OK, so you know sometimes how you get a weekend pretty much at home to yourself (other than going out to a picnic in a pub, and then down to Greenwich to farewell some friends who are moving back to Australia)? Well, here’s what I did.
As well as tidying my room up, I went looking on YouTube for videos of people playing the Super Mario Brothers theme tune.
OK, so it turns out that many people on the planet have recorded themselves recreating this masterpiece in various forms – there are some quite impressive displays by talented groups of people.
For starters, the Rollins Percussion Ensemble put in a workmanlike performance on this version. I was a little disappointed that “percussion” included tuned percussion, such as xylophones and whatnot. They were very good, but I was hoping for 100% drumkit action.
Moving on, an a capella choir put together this video game medley. Again: very talented, but the problem with this sort of outfit is they can’t seem to perform without injecting a massive level of smugness into the performance. Although I’ve got to admit that their Tetris-choreography made me giggle.
Diametrically opposite, there’s a thoroughly awesome Metal version. This could even rival the Nine Inch Goombas’ mashup version of the Mario theme with Nine Inch Nails’ “Closer”.
Moving on to solo renditions, it seems there’s no shortage there either. Ocarina lovers, strap in & relax, because there’s no shortage of small-round-clay-pipe Mario goodness on YouTube.
Moving on slightly in the trickiness stakes, this chap gave the tune a go on the button accordion. Every time I hear a new instrument cranking this song out I find myself wondering how close to the sound of the original it gets, and in this case, I’d say “very”.
Which makes a fairly stark and obvious contrast to sciency hand-wavey favourite, the Theremin. It’s not an instrument I feel that many people would honestly fall in love with the sound of. Unless they were mental.
http://www.youtube.com/watch?v=nMshU5ql3vI
The performances got more virtuosic, such as the chap playing the 11 String Bass – quite why a bass needs that many strings is a bit of a frigging mystery, other than to say that “this one goes to 11!”. It seems a fairly impractical instrument, however he does a fairly handy job of cranking out the piece using almost a double-hand-fingerpick simulation.
Of course if you can’t get access to an 11 string guitar, you can always do like this guy and just employ 2 normal guitars and a big fuckoff metal clamp to hold one in place.

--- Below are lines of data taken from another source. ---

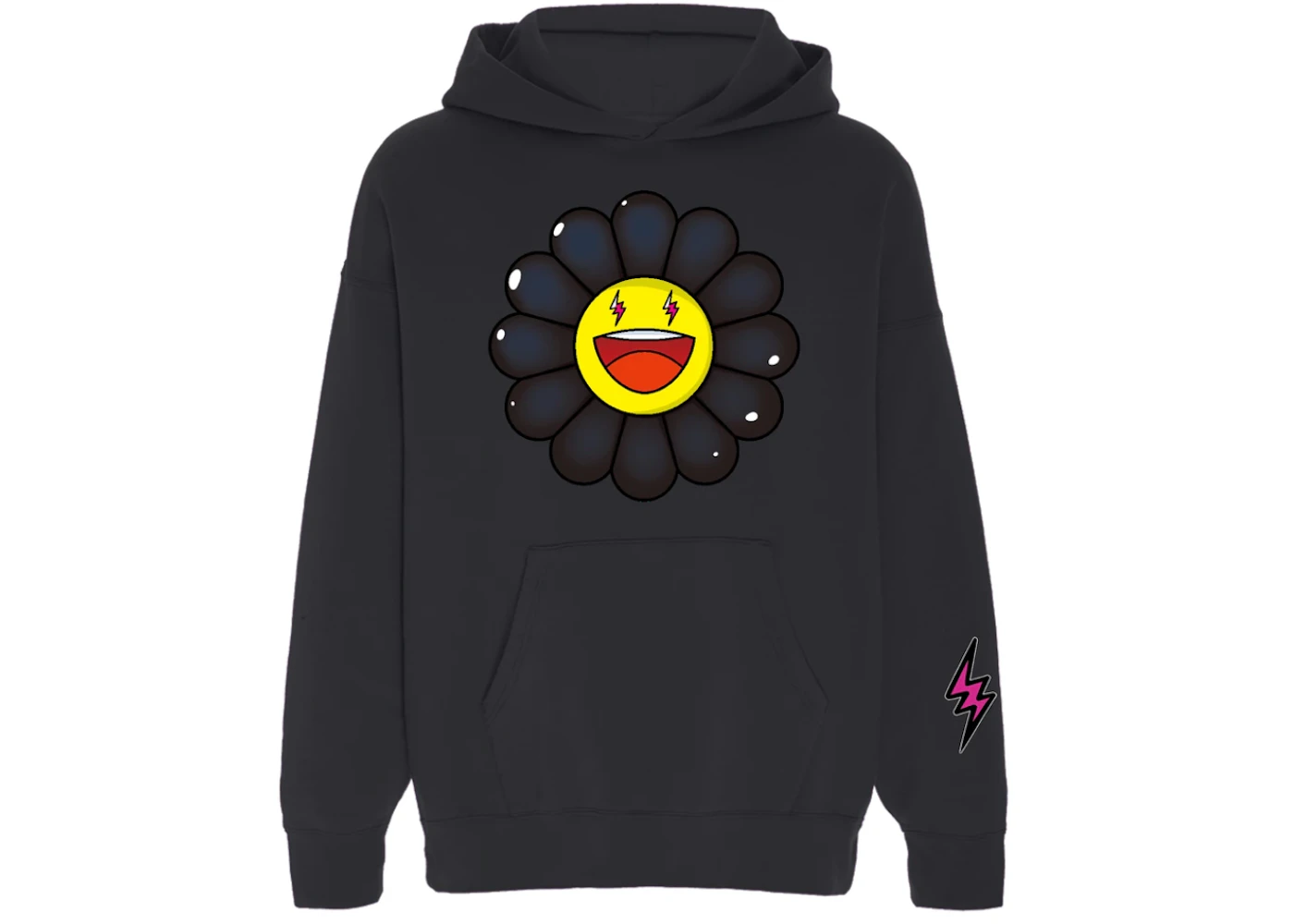 J Balvin x Takashi Murakami Flower Hoodie Black Men s SS20 US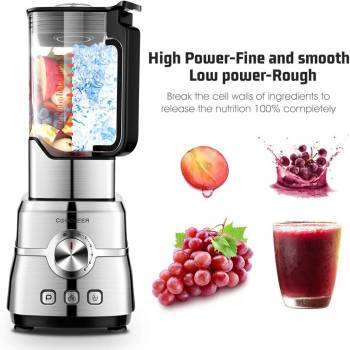 Blenders Smoothie Maker, COOCHEER 2000W High Speed Stand Mixer 35000 U/min Professional Shakes Blender, Grinder and Icebreaker with Stainless Countertop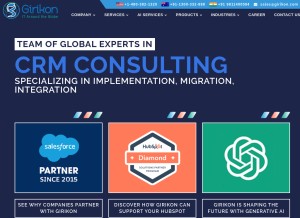 How girikon.com looks like on a tablet such as an iPad.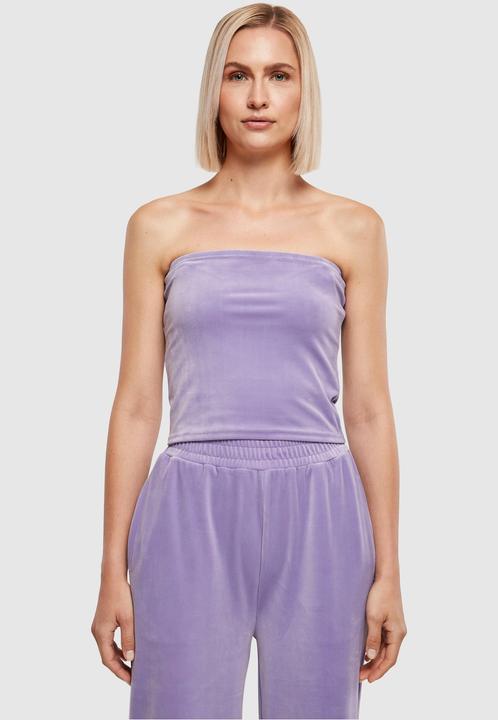 Actual product image Urban Classics Ladies Short Velvet Tube Top (4XL)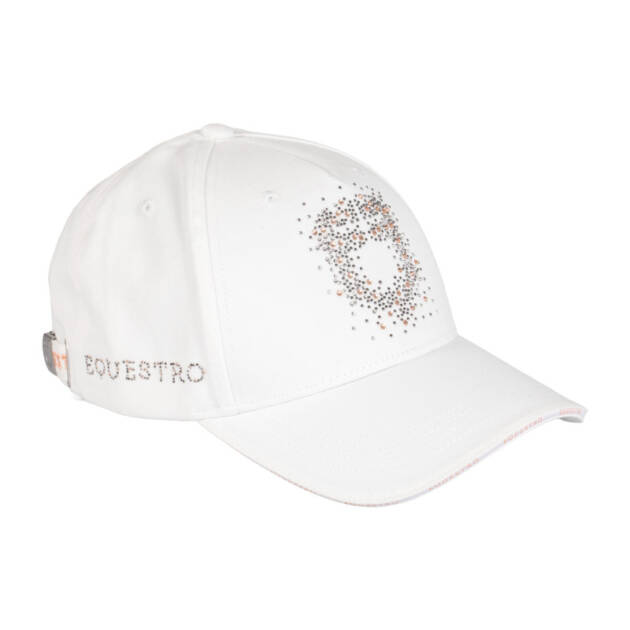 Boné feminino de beisebol com logotipo de strass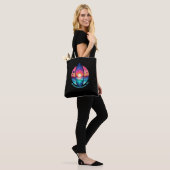 Surfplank in de zonsondergang tote bag (Op model)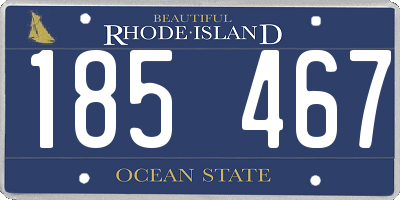 RI license plate 185467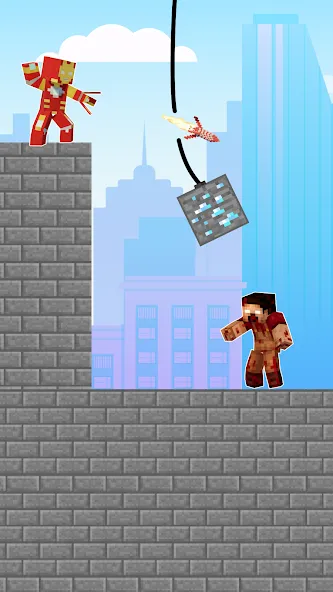 City Hero: Crime Shoot Puzzle (Хиро Крафт Пазлы)  [МОД Бесконечные деньги] Screenshot 3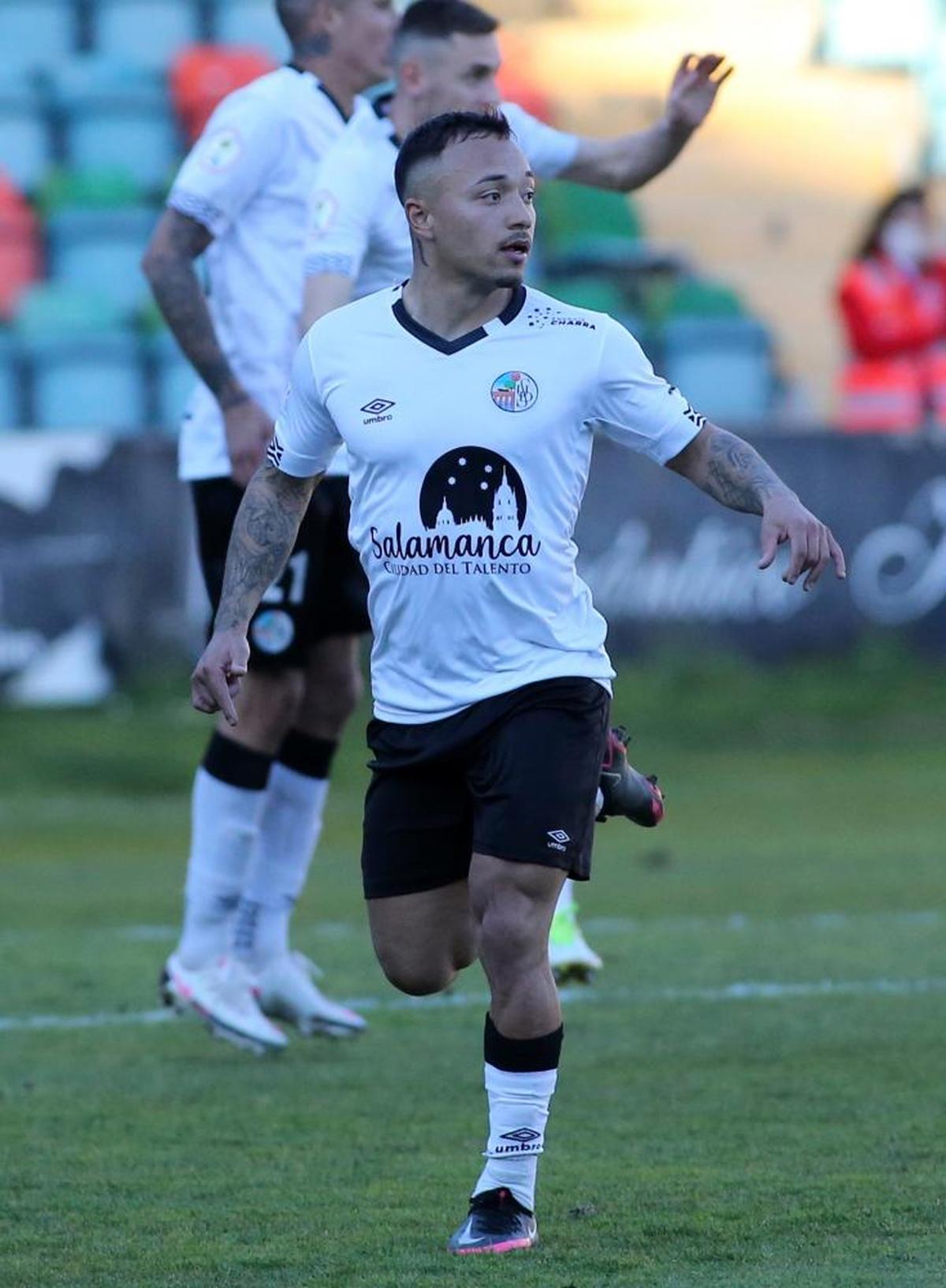 Juancho López, durante un partido de la pasada temporada.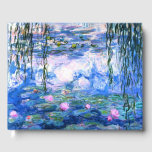 Monet Pink Water Lilies Gästebuch<br><div class="desc">Das Gästebuch von Monet Pink mit rosafarbenen Seerosen in einem ruhigen,  blauen Teich mit Lilienpolstern ist ein beliebtes Gästebuch. Ein großartiges Monet-Geschenk für die Liebhaber von Impressionismus und französischer Kunst.</div>
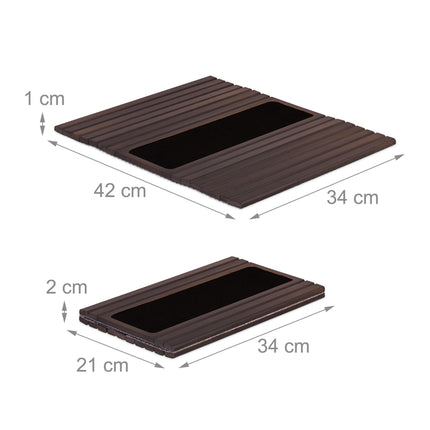 Sofatablett aus dunkelbraunem Bambus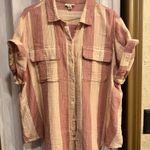 Ana A New Approach Button-up Muslin Shirt Photo 0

http://www.youtube.com/watch?v=aZpD0btOZx8
Wind instruments were largely under-represented in this particular niche. There was a bassoon quartet, but they were playing the tune from Mario 3, which wasn’t the one I wanted. Another chap on the flute also incorporated the art of beatboxing and nailed a fairly spectacular version using a technique which is presumably called Fluteboxing.
But why should music be limited to conventional means (assuming anyone regards a theremin as conventional)? Expanding on the tuned percussion notion, there’s no earthly reason why you can’t create a playable musical sequence out of a bunch of glass bottles filled up with various amounts of water lined up along a flat surface, then run a small hammer across them somehow. Super Mario, on the Remote Controlled Car & Bottles:
Not all performances need be so intricate however. They can still involve common household objects, such as the guy who claimed to be able to play the tune on the Banana tried to show (I excluded that one from this compendium, on the grounds that it was too silly). Thrubbing a Ruler on the edge of a desk, however, seems perfectly reasonable.
For every homegrown talent-show novelty idea conceived by a 12-year-old, you’ve also got an enthusiast highly skilled in some esoteric and wholly unmarketable field, such as The Manualist. It truly fills the heart with joy to see this man at work.
But the hands-down best rendition of the tune on YouTube today is without doubt the one that combines science, danger, and retro-musical stylings – the Singing Tesla Coils. Watching this video left me thinking all sorts of things, notably, “I wonder what would happen to the dude playing the theremin if that was cranked up to 10,000 volts too?”.
So there we have it folks – this is why I go out on weekends.